Analysis: Revisional power under section 22A is available only when the order revised is both erroneous and prejudicial to the interests of the Revenue. A mere possibility that another method of estimation could yield a larger tax demand does not by itself make the appellate order erroneous. The appellate authority had adopted a permissible method on the facts for restricting disallowance to the period up to inspection, and that could not be characterised as a legal error, misapplication of law, or arbitrary approach. In relation to jaggery, the Commissioner reversed the appellate finding on the basis of suspicion and conjecture, although the appellate authority had accepted the record in the Nond book and found no suppression. Such a reversal was not a valid basis for invoking revisional jurisdiction.
Conclusion: The revision under section 22A was not justified either on the turnover issue or on the jaggery issue, and the appellate authority's order was restored.
Issue (ii): Whether the penalty imposed by the Commissioner could stand after the revisional order was set aside.
Analysis: The penalty was founded on the revisional interference on the merits of the jaggery transaction. Once that interference failed, the foundation for the penalty disappeared.
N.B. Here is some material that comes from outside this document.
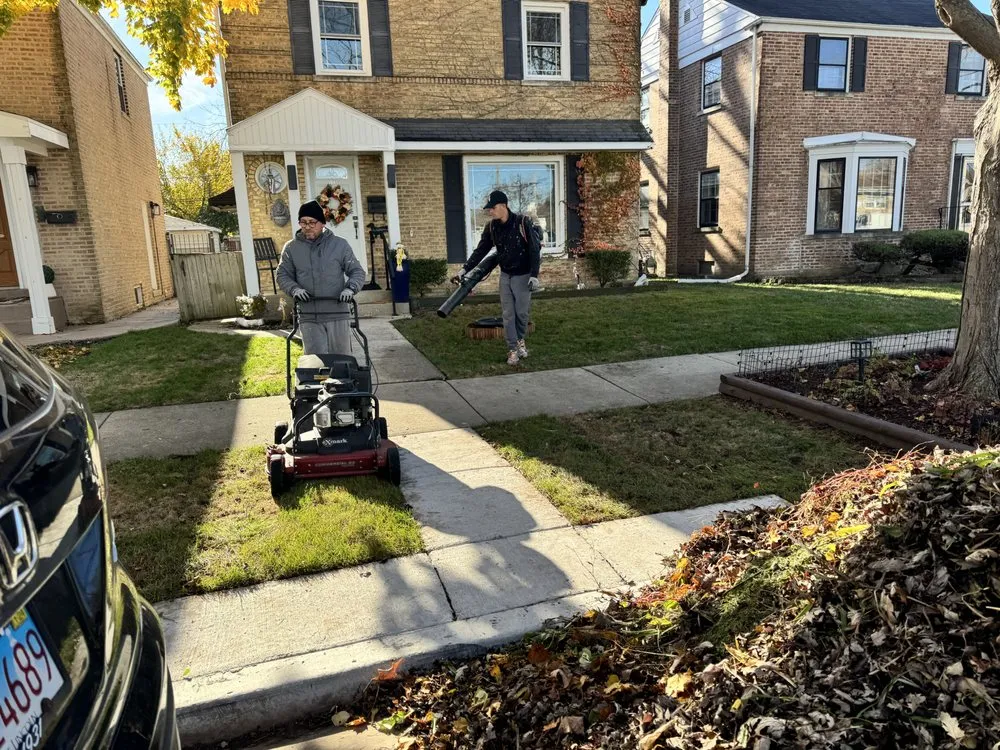 Top-rated yard cleanup service in Glenview, IL by Juan’s Professional Landscaping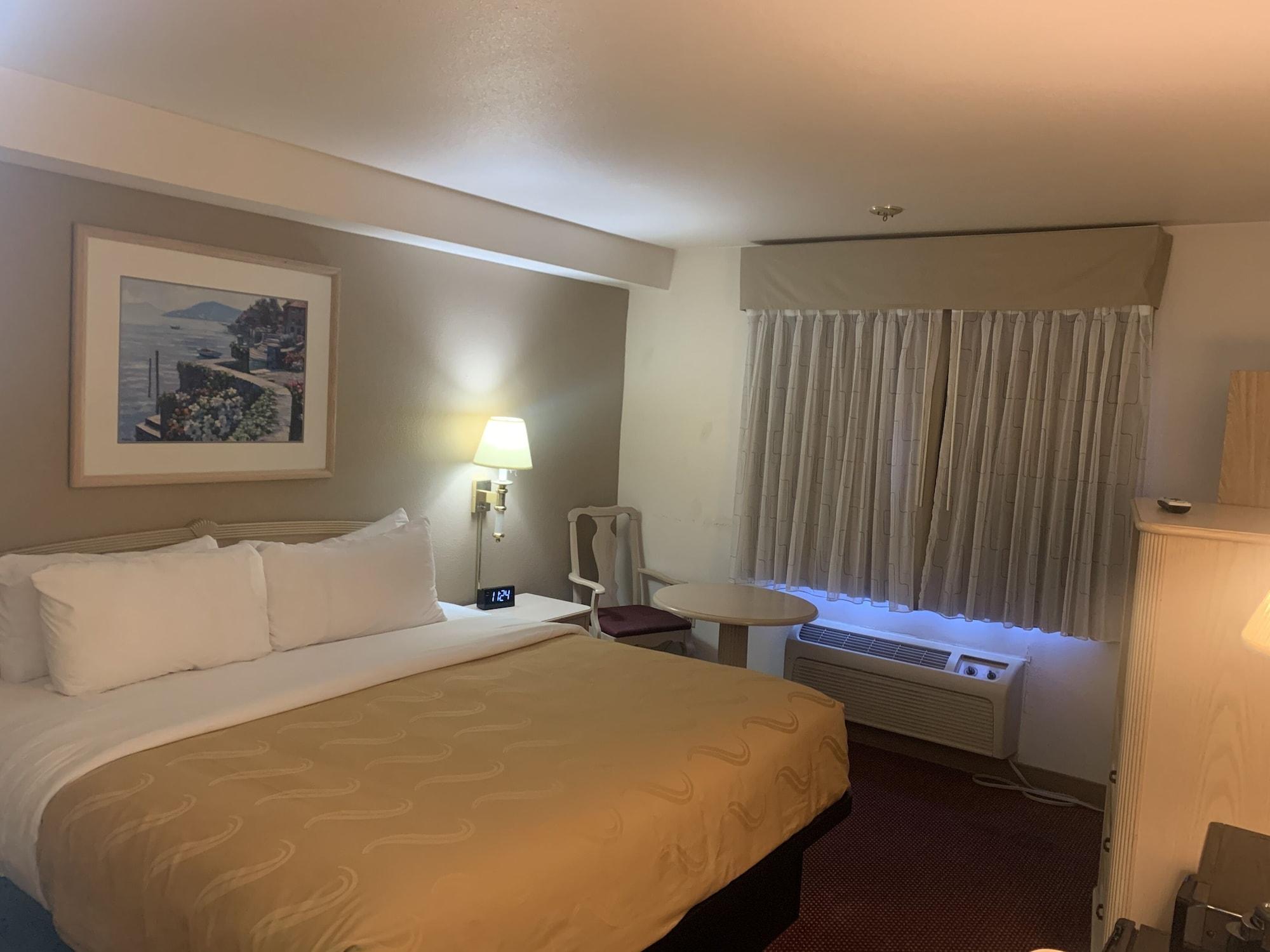 Quality Inn Albuquerque East I-40 Juan Tabo Exit Extérieur photo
The penalty could not survive independently when the underlying revisional determination itself was unsustainable.
Conclusion: The penalty was unsustainable and was set aside.
Final Conclusion: The appeal succeeded, the revisional interference was annulled, the appellate authority's relief was restored, and the penalty was deleted.
Ratio Decidendi: Revisional jurisdiction can be exercised only for a real legal error that makes the order prejudicial to revenue administration, and not merely because a different estimate or view could have produced a higher tax demand.